B) Wait to document medications given to clients until the end of a shift:
Delaying the documentation of medications until the end of a shift increases the risk of forgetting to document or making errors. Medications should be documented immediately after administration to ensure accuracy and prevent omissions. Immediate documentation also provides real-time updates on the client's medication history and avoids any discrepancies between what was actually administered and what is recorded.

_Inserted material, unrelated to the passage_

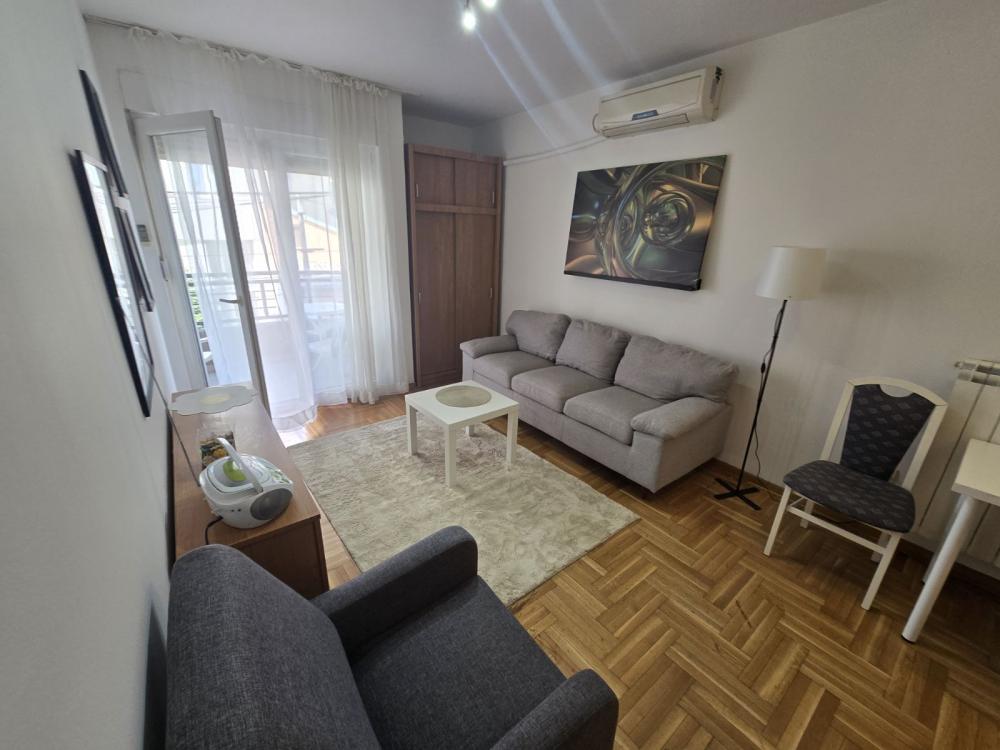Slika 1 - Cerska, Dvosoban stan za izdavanje, 43m2, 450€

C) Remove medications from automatic dispensing systems before they are reviewed by pharmacists:
Removing medications from automatic dispensing systems before they are reviewed by pharmacists increases the risk of errors. Medications should be reviewed by the pharmacist to ensure proper drug selection, dosage, and appropriateness for the patient's condition. Pharmacists play an essential role in medication safety, and bypassing their review increases the likelihood of incorrect medication administration, potentially leading to harmful consequences.
D) Prepare medications for multiple clients at the same time:
Preparing medications for multiple clients simultaneously is risky and can lead to confusion and errors. Nurses should focus on preparing medications for one patient at a time to ensure that the correct medication and dosage are administered to the correct person. This practice reduces the likelihood of mixing up medications or administering the wrong drug or dosage.